=== Begin Enclosure ===
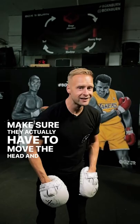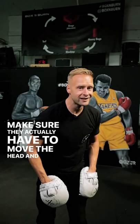Don't go across, don't go over the head. Make sure they actually have to move the head and take it off that center line. That's how we make them better, that's how we create those defensive reactions. Throw straight punches, be accurate.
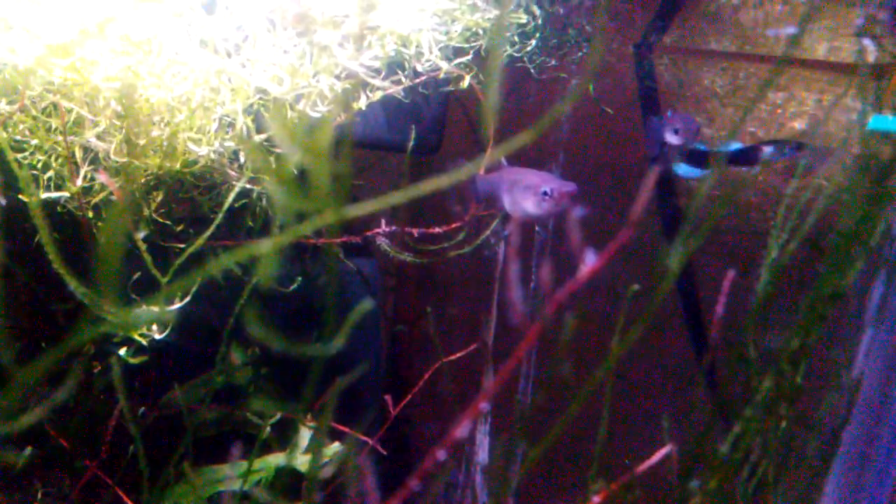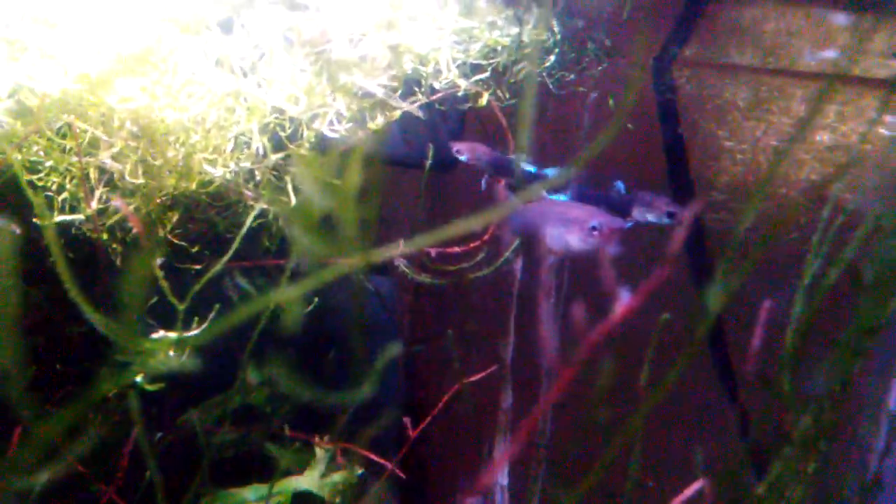Hello fish fools, Jeff here. It's been a while since I've shown this two gallon hexagon aquarium. It's been seven months since I last showed this - I haven't really paid much attention to it or put a lot of care into it, though I do still drop in a little bit of food pretty much every day.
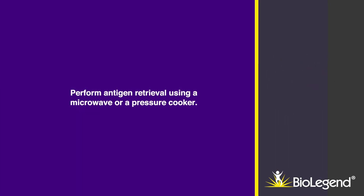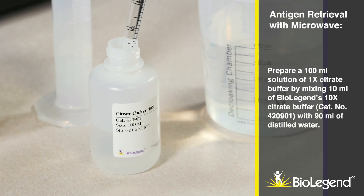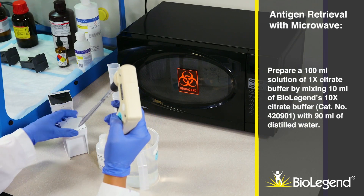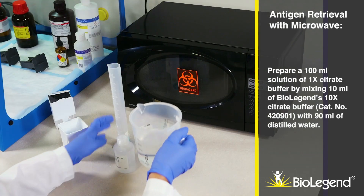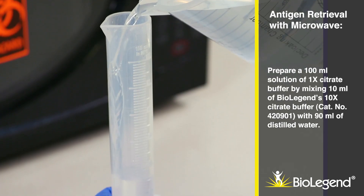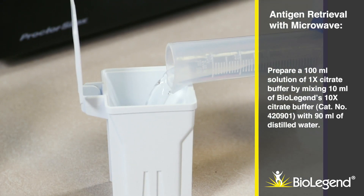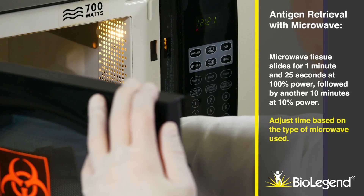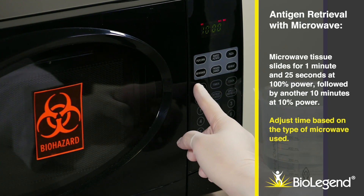Perform antigen retrieval using a microwave or a pressure cooker. For antigen retrieval with a microwave, prepare a 100 ml solution of 1X citrate buffer by mixing 10 ml of BioLegend's 10X citrate buffer, catalog number 420901, with 90 ml of distilled water. Microwave tissue slides for 1 minute and 25 seconds at 100% power, followed by another 10 minutes at 10% power. Adjust time based on the type of microwave used.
=== End Enclosure ===
— Requirement —
Everything from the line containing "Hello fish fools, Jeff" to the last line of the listing above is to be written out exactly, except the pictures, and nothing else.

— Written solution —
Hello fish fools, Jeff here. It's been a while since I've shown this two gallon hexagon aquarium. It's been seven months since I last showed this - I haven't really paid much attention to it or put a lot of care into it, though I do still drop in a little bit of food pretty much every day.
Perform antigen retrieval using a microwave or a pressure cooker. For antigen retrieval with a microwave, prepare a 100 ml solution of 1X citrate buffer by mixing 10 ml of BioLegend's 10X citrate buffer, catalog number 420901, with 90 ml of distilled water. Microwave tissue slides for 1 minute and 25 seconds at 100% power, followed by another 10 minutes at 10% power. Adjust time based on the type of microwave used.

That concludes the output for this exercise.